Turn-Taking and Beyond

* Stephen C. Levinson, ‘Turn-taking in Human Communication – Origins and Implications for Language Processing’, Trends in Cognitive Sciences, 20 (2016), 6-14.

Of all the topics featured on this blog so far, I think turn-taking has been one of the most interesting to me. Some time ago, in a couple of posts here and here, I noted that cognitive scientists were getting interested in the development of language, and turn-taking was identified as a key characteristic of human speech. I put forward some literary examples in which turn-taking turned strange and problematic — where we could see hypothetical scenarios in which turn-taking could no longer be relied on.
      And in a recent Trends article, it’s back. Levinson provides a fascinating account of the way turn-taking works in the mind; it appears to be ‘at the limits of human performance’, requiring lots of resources to perfect and maintain. However it is also an ancient part of our evolution, shared with other primates in one form or another. Levinson asks, at the end, for more research into the ‘systematic imprint on language structure’ that turn-taking might cause: how deeply are grammar and syntax (and what else? phonetics and lexical structures?) shaped around this fundamental basis?
      That’s not really a question for a literary scholar like me, and this post isn’t going to be full of answers anyway: I have a lot to do at the moment! However, I’d say that some of this research could be literary research. Writers constantly test the interface between linguistic structure and turn-taking in their depictions of dialogue, creating grammatical patterns, exchanging puns, trying out rhythms within and between statements. They know something about it; they are capable of producing things that strike us as forced or unrealistic (often to a purpose), and they are capable of producing things that seem just right.

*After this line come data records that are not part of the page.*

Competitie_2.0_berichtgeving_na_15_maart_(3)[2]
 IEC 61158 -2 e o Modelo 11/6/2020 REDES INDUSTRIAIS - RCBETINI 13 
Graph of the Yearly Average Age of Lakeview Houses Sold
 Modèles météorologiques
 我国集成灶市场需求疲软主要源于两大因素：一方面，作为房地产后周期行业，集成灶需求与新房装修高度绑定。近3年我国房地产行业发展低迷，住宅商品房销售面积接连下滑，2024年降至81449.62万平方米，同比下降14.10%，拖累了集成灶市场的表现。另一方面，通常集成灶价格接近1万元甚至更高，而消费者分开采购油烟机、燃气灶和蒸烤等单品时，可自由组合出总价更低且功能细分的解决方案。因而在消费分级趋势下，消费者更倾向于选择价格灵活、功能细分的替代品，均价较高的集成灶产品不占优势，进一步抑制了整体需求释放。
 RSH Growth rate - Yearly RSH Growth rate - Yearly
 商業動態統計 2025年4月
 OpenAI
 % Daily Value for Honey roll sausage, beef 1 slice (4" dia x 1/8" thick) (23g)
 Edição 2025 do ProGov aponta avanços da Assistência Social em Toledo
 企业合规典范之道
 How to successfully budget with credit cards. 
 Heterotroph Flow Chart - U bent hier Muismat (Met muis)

* Martin B.H. Everaert, Marinus A.C. Huybregts, Noam Chomsky, Robert C. Berwick, Johan J. Bolhuis, ‘Structures, Not Strings: Linguistics as Part of the Cognitive Sciences’, Trends in Cognitive Sciences, 19 (2015), 729-43.
* Mark Dingemanse, Damián E. Blasi, Gary Lupyan, Morten H. Christiansen, Padraic Monaghan, ‘Arbitrariness, Iconicity, and Systematicity in Language’, Trends in Cognitive Sciences, 19 (2015), 603-15.

Turn-taking is not the only aspect of language that’s been discussed in Trends in Cognitive Sciences recently. Two other big reviews venture onto vast territory. Everaert et al. propose that linguistics and cognitive science should interact much more closely, that language should be seen as a ‘computational cognitive mechanism’, and that we should move beyond ‘surface-oriented approaches’. Dingemanse et al. also tilt at a pretty big windmill by taking on the idea that in human languages form and meaning only have an arbitrary relationship. They weigh up evidence for ‘systematicity’ (ways in which patterns of sound organise types of words) and ‘iconicity’ (ways in which words’ forms stand for their meanings) and conclude that we probably need these things to explain how languages work.
      This is all intriguing, but I still find that the more palpable topic of turn-taking is the one that makes me think. I like the way that it’s something deeply embedded in the basis of linguistic communications, which can still protrude strangely from highly developed social interactions.